Do you ever find strange emails in your inbox? Vague threats of legal prosecution or meal point deficits? If so, you might be the target of PHISHING! While this might sound like a nice day out on the lake with the boys, it’s not nearly as sick nasty. It’s just sick. And it’s nasty. Ghouls on the internet want to steal your information, and they’re gonna send you emails to get it.
As a result of such a pressing threat, WashU’s heroic IT department, our last line of defense, uses the enemy’s tactics against them. By flooding students’ inboxes with phishing emails of their own, IT hopes to train the masses to recognize these bogus messages.
“We pretty much just send really scary emails at like 8:30 in the morning. That’s when the students are most vulnerable,” said IT department chair Goon Robson, “It’s been working a little too well. We’re phishing the hell out of these kids.”
“I got this freshman with the classic: ‘your mom’s dead, gimme money’ trick,” said lead phisherman Rutherford Steez, “Honestly, I bet I’d make more money running a real phishing operation than working here.”
UPDATE:
In the past week, phishing activity at WashU has increased tenfold; students have been hit with a barrage of fake parking tickets, requests for password confirmation, and messages from hot milfs in their area. Meanwhile, the IT department is nowhere to be found. One student, Brandon Scungis, had this to say about the phishing fiasco: “Just yesterday, I got an email from Boeing. They offered me a job making mini WMDs for household use, but when I clicked ‘accept’, all my V-Bucks disappeared!”

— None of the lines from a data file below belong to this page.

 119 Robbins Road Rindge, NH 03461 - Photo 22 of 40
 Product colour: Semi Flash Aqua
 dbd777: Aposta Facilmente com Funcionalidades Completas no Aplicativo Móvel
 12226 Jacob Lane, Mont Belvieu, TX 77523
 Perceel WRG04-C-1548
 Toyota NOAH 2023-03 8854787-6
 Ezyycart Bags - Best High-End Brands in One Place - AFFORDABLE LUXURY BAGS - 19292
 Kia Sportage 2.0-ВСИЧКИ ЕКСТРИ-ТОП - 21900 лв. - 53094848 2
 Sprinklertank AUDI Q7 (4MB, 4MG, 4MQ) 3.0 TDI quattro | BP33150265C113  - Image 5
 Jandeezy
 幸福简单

I attempted to reach out to WashU IT for further comment, but all that remains of their website is a game that will (and I quote), “make you cum in five seconds”. My suspicions, like my email password, seemed to be confirmed. The WashU IT department had gone rogue, choosing to make hella money phishing wealthy college students. A victimless crime? Maybe. But as an English major once told me, a crime is a crime is a crime is a crime. (I think.) As the university has been left defenseless, the only advice I can give is to STOP READING YOUR EMAILS. All of them. None of them are safe. Set fire to your Outlook account. Become unphishable.